7:00 pm de un lunes cualquiera en Caracas, después de trabajar no nos queda otra que enfrentarnos al tráfico para llegar a casa o si no tenemos carro entrar a la selva densa de usar el transporte público, la consigna es “llegar sano y salvo a casa”.
Sentarse frente el volante es suficiente para iniciar el viaje más angustiante. Los retrovisores se convierten en nuestro mejor aliado, cada ruido de moto genera como consecuencia una angustia y un lanzamiento al piso del celular “porsia” éste que pasó me va a robar, es una suerte de ruleta rusa interminable. Si sorteamos con éxito la cola y logramos entrar en vías libres de trafico, inicia la carrera por evitar cualquier carro o camioneta se nos “pegue” a perseguirnos para potencialmente secuestrarnos, empiezan las llamadas a casa para alertar, o para indicar qué sucede algo sospechoso, en fin, un cruce inesperado nos da el alivio de que solo fue una angustia.

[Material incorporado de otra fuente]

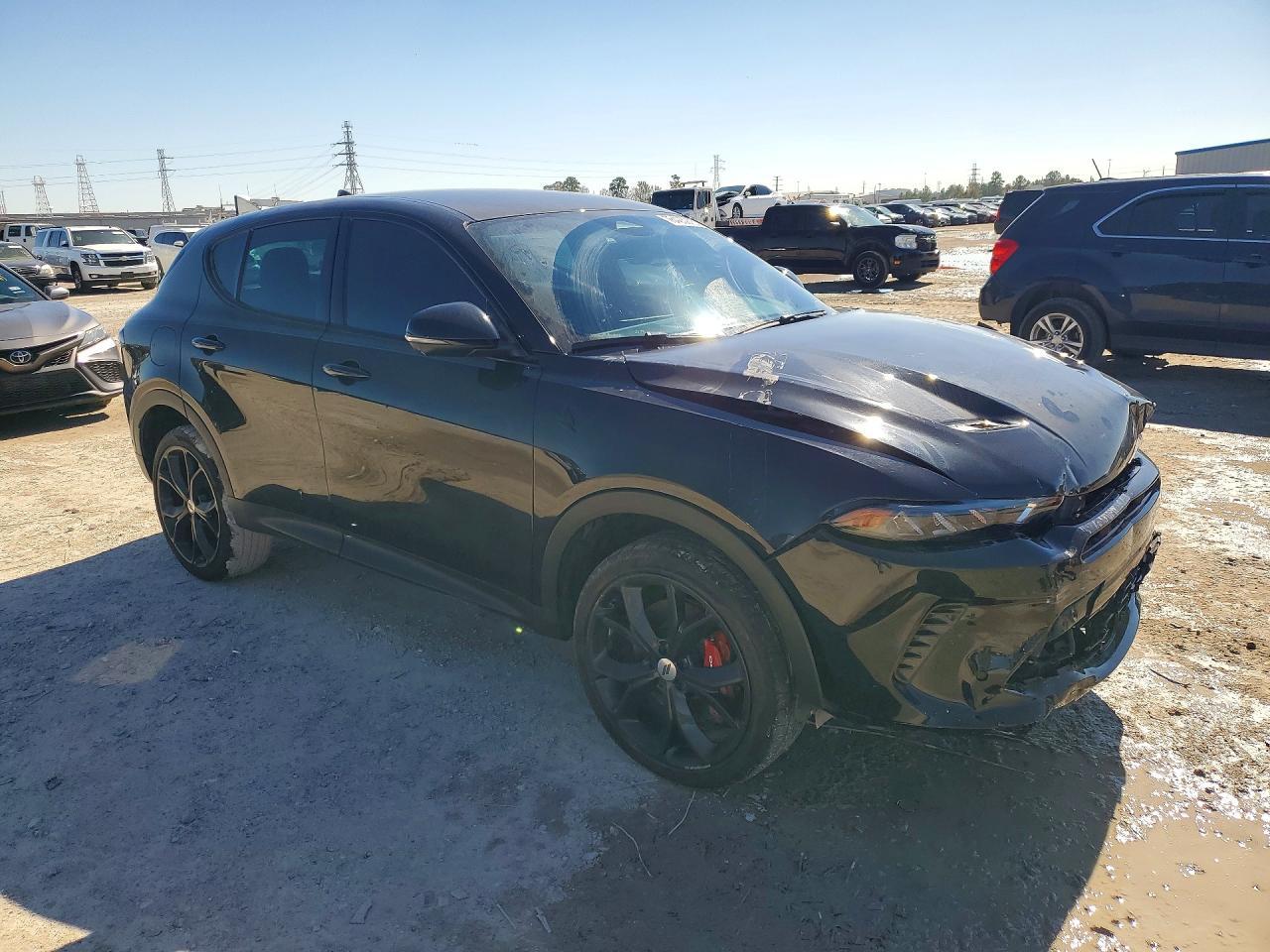 2023 DODGE Hornet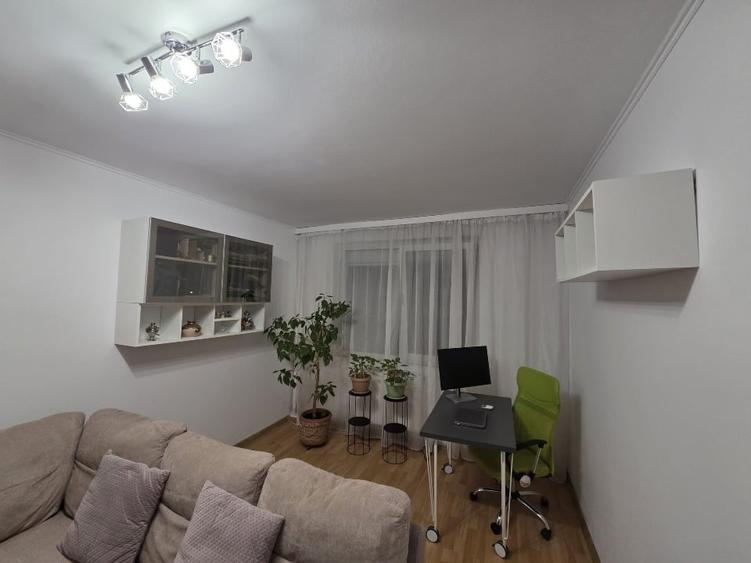 Apartament cu 3 camere decomandat, mobilat în Rahova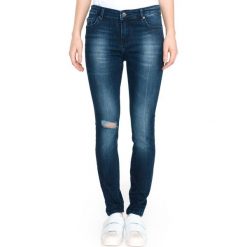 Armani Exchange J01 Dżinsy Niebieski. Niebieskie jeansy damskie Armani Exchange, bez wzorów, z bawełny. Za 602.95 zł.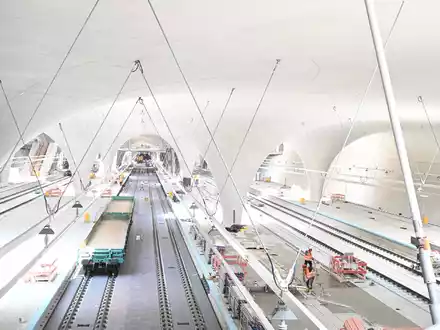 Ab Dezember 2026 sollen Züge des Fernverkehrs zum größten Teil im neuen Stuttgarter Tiefbahnhof enden. Der Regionalverkehr muss laut Bahn aber noch zum Teil bis Juli 2027 in den alten Kopfbahnhof fahren. (Archivbild) - Foto: Bernd Weißbrod/dpa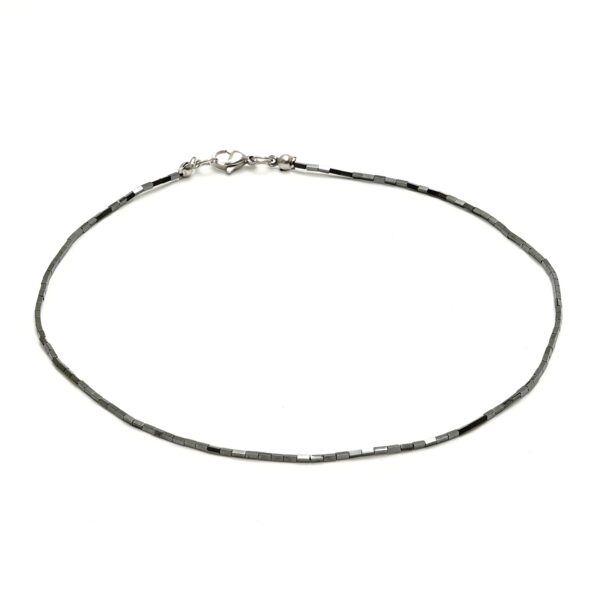 Hematito vėrinys moterims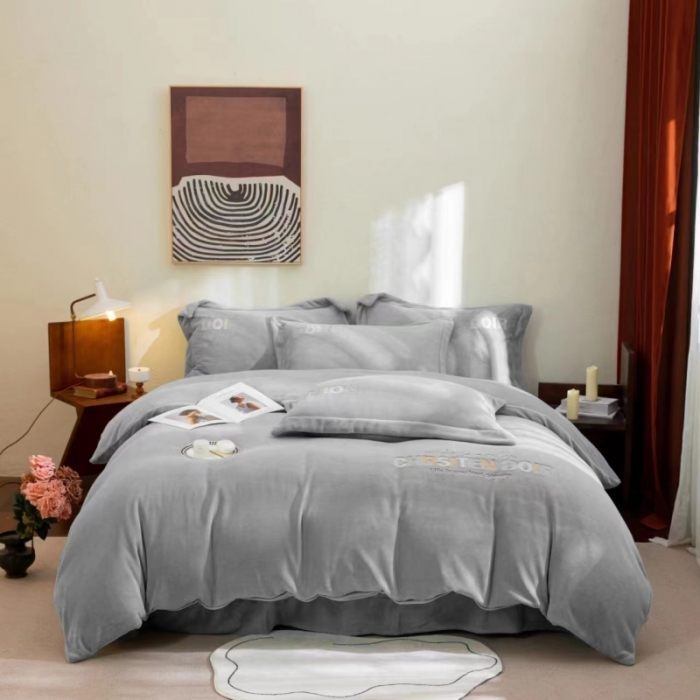 91家纺网 家纺一手货源 找家纺 绒博士 2023新款舒适保暖220克牛奶绒四件套系列 罗拉 灰色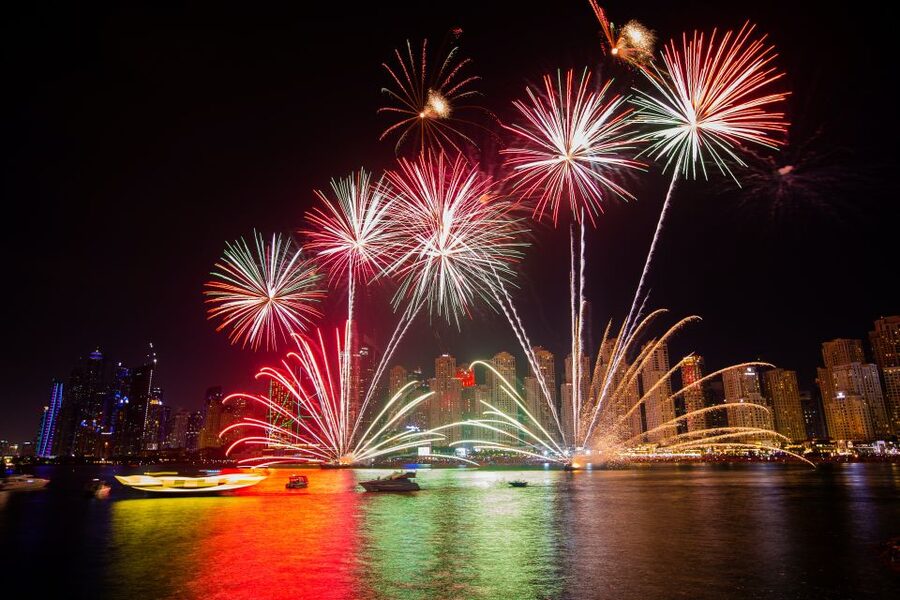 Oahu: Waikiki Fireworks Boat Cruise from Oahu - A Waikiki Fireworks Cruise That Makes the Timing Work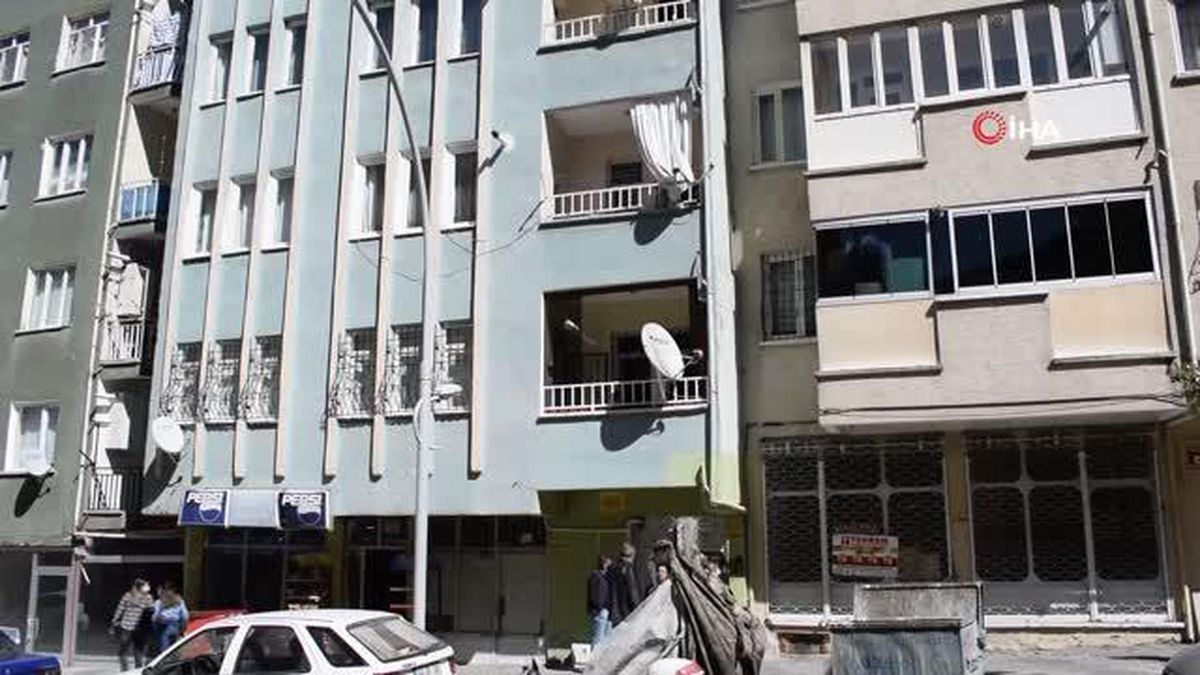 Anne uyuya kaldı, 3 kardeş yangında yaralandı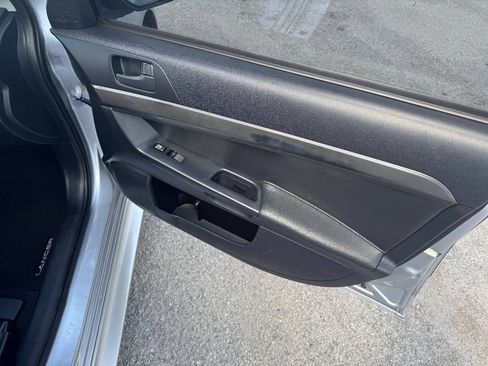 Used 2015 Mitsubishi Lancer ES FWD image 10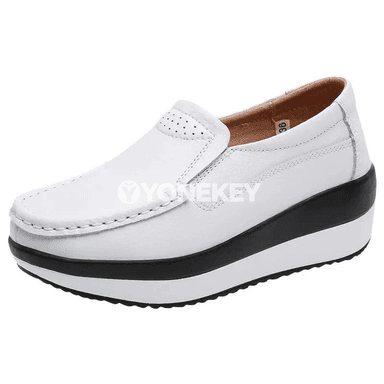 Zenanlar üçin rahat platformaly klassiki slip-on köwüşler, goňur we çal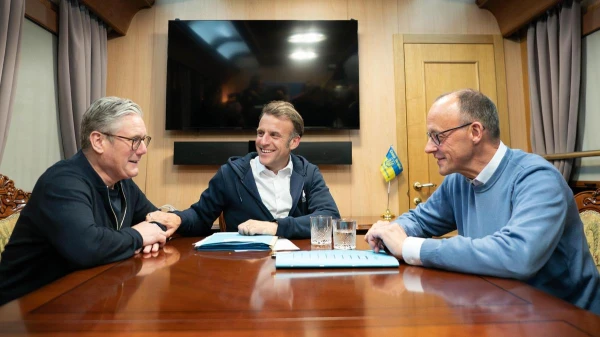 Lielbritānijā paziņoja par Makrona nodevību pret Merzu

Usar el Metro en la llamada “hora pico” es una situación repleta de miedo y de angustia, donde abrazar la cartera, esconder el celular, quitarse el reloj y ir muy pendiente de quién se te recuesta es algo prácticamente automático. Al salir de allí, toca montarse en una “camionetica, cada nuevo pasajero que se monta es una nueva oración y angustia, pensando que puede ser un delincuente que viene a robarnos. Al bajarte a caminar rápido a casa sin que te consigas a un malandrín esperándote para quitarte “tu buena suerte”.
Llegan a casa y después de bañarse y comer ponen el noticiero, y en se enteran de que secuestraron a una señora en El Hatillo, que en La Guairita hubo un robo múltiple a carros por motorizados, que en Casalta se montaron en una camioneta y para robarla mataron a un señora. Ambos en su cama viéndole los ojos a su familia, respiran profundo y piensan “hoy logré salvarme”.